Ditulis oleh seorang sufi Persia bernama Hakim Nizami Ganjavi. kisah cinta Laila Majnun adalah kisah cinta antara Imra'il Qais dan Laila. Ini adalah perjalanan seorang sufi sampai kepada Tuhannya pada proses cinta, dimana kecintaan membuat Majnun meninggalkan keegoannya, memandang dirinya dan penciptanya sebagai kesatuan yang tak terpisah, sehingga mencapai tahap peniadaan diri.
Kita dihadapkan pada perjuangan yang bukan hanya menembus batas harga diri, tetapi juga mengorbankan darah dan nyawa dari orang-orang yang berpihak. Perjalanan Majnun mencintai Laila, perasaan Laila terhadap Majnun, syair-syair yang berada diantara mereka, pilihan hidup mereka yang mempengaruhi orang-orang disekitar mereka, secara keseluruhan menggambarkan berbagai sisi kehidupan.

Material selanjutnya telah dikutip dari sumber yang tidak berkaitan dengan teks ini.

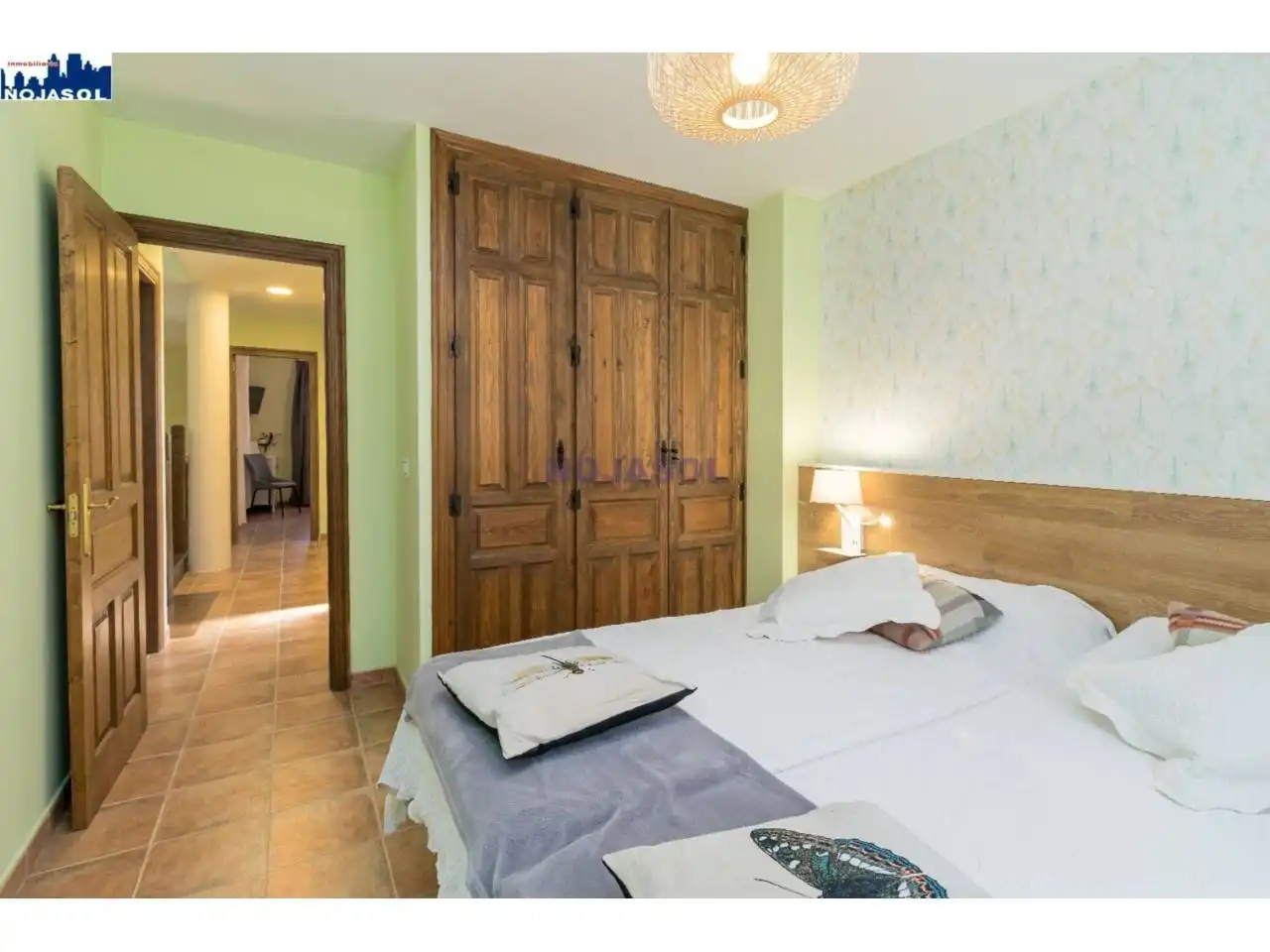 Bedroom of Detached homes for sale in Bareyo  with Heating, Private garden and Terrace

Bukankah suatu kegilaan bila kita terbakar selamanya dalam nyala api..??
bukankah suatu kegilaan bila kita tidak makan dan tidur sedikitpun...??
semakin ubat dicari semakin parah sakitnya, begitu dekat, namun terasa begitu jauh.

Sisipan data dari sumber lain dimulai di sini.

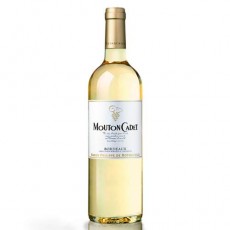 ROTHSCHILD MOUTON CADET BLANC 750ML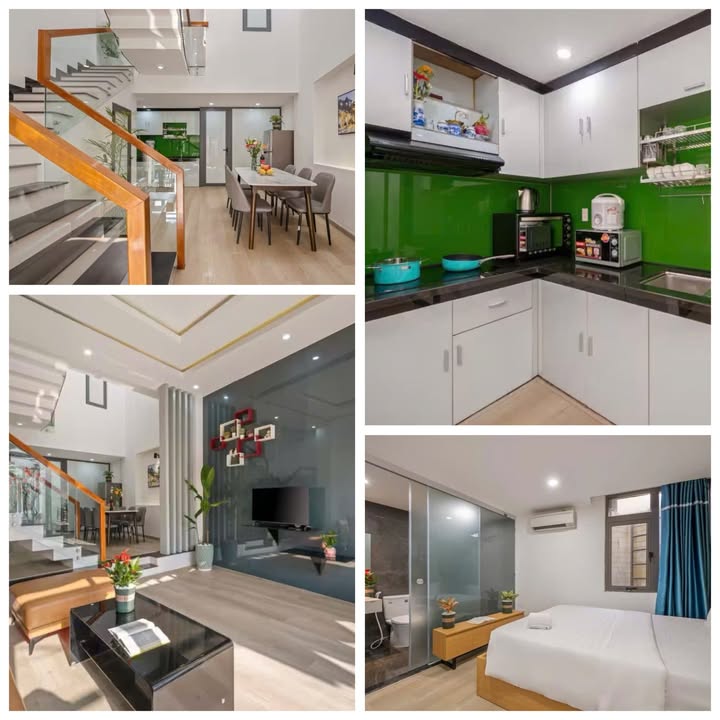 Nhà 2 tầng đường Võ Văn Kiệt, Sơn Trà, Đà Nẵng 82m² giá 9.9 tỷ - Gần biển Mỹ Khê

Hanya kata "Laila" yang sangat berarti. Ketika orang-orang membicarakan hal lain, ia akan menutup telinganya dan mengunci mulutnya.
Katakan padanya: "orang yang telah mengorbankan segalanya untuk-Mu menyampaikan salam dari jauh. Titipkan sehembus nafas-Mu melalui sang angin untuk memberitahu dia bahwa engkau masih memikirkannya."
"Oh lilin jiwaku jangan kau siksa diriku, ketika aku mengelilingimu, kau telah memikatku, kau telah merampas tidurku, akalku juga tubuhku."
Laila adalah cahaya fajar, Majnun adalah sebatang lilin. Laila adalah keindahan, Majnun adalah kerinduan. Laila menabur benih cinta, Majnun menyiraminya dengan air mata. Laila memegang cawan anggur cinta, Majnun berdiri mabuk oleh aromanya.
"Aku bagaikan orang yang kehausan, kau pimpin aku menuju sungai Eufrat, lalu sebelum sempat aku minum kau menarikku dan kembali ke kawasan panas membara, padang pasir yang tandus."
Kau mengajakku ke meja perjamuan, tetapi kau tak pernah mempersilahkanku makan. Mengapa Kau menampakkannya diawal, jika tak pernah berniat membiarkan aku memiliki hartaku.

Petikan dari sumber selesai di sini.